▸ Task directions:
From the records below, extract only the lines running from the line with "Fidqiog Reusable Silicone" to the line with "Vintage Egyptian 900", both lines included, reproducing them exactly.

(Items from a dataset)
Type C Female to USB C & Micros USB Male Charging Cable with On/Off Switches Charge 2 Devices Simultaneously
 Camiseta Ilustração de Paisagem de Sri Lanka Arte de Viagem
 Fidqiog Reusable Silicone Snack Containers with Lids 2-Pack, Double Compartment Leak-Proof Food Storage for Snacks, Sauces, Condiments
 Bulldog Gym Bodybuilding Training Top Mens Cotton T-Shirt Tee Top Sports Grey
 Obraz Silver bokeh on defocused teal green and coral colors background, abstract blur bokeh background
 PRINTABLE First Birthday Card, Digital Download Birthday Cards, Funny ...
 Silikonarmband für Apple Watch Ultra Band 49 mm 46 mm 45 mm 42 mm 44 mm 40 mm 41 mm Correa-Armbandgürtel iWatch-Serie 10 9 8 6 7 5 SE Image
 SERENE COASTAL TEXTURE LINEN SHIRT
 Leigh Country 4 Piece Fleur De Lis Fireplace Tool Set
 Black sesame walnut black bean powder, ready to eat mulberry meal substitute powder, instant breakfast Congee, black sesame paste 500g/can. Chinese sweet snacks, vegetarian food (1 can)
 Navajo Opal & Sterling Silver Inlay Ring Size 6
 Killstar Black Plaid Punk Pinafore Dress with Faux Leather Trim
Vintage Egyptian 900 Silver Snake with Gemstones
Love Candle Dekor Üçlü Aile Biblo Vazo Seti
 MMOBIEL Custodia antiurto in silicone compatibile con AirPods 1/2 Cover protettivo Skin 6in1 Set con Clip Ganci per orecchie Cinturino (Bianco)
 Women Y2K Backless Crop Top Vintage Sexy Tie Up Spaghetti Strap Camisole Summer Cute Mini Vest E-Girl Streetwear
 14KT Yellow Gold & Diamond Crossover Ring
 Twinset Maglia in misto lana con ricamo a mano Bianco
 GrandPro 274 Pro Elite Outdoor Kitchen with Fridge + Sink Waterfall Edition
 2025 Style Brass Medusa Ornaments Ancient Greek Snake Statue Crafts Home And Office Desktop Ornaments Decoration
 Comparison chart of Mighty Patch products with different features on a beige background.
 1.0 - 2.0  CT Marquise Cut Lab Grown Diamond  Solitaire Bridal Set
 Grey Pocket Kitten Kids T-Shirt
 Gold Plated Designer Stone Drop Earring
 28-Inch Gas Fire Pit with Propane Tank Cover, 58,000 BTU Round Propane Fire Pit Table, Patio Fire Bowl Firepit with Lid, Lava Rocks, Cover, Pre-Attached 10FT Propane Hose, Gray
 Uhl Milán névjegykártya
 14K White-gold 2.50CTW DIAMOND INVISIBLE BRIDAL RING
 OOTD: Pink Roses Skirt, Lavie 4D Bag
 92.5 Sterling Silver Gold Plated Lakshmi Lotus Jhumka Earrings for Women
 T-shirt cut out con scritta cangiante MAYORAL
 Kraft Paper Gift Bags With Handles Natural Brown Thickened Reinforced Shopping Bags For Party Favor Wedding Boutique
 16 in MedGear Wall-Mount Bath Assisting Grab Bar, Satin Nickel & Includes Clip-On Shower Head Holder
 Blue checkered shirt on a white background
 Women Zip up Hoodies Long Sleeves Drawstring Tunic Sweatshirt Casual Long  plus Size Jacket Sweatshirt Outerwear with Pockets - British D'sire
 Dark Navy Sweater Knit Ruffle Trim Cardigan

▸ Solved problem:
 Fidqiog Reusable Silicone Snack Containers with Lids 2-Pack, Double Compartment Leak-Proof Food Storage for Snacks, Sauces, Condiments
 Bulldog Gym Bodybuilding Training Top Mens Cotton T-Shirt Tee Top Sports Grey
 Obraz Silver bokeh on defocused teal green and coral colors background, abstract blur bokeh background
 PRINTABLE First Birthday Card, Digital Download Birthday Cards, Funny ...
 Silikonarmband für Apple Watch Ultra Band 49 mm 46 mm 45 mm 42 mm 44 mm 40 mm 41 mm Correa-Armbandgürtel iWatch-Serie 10 9 8 6 7 5 SE Image
 SERENE COASTAL TEXTURE LINEN SHIRT
 Leigh Country 4 Piece Fleur De Lis Fireplace Tool Set
 Black sesame walnut black bean powder, ready to eat mulberry meal substitute powder, instant breakfast Congee, black sesame paste 500g/can. Chinese sweet snacks, vegetarian food (1 can)
 Navajo Opal & Sterling Silver Inlay Ring Size 6
 Killstar Black Plaid Punk Pinafore Dress with Faux Leather Trim
Vintage Egyptian 900 Silver Snake with Gemstones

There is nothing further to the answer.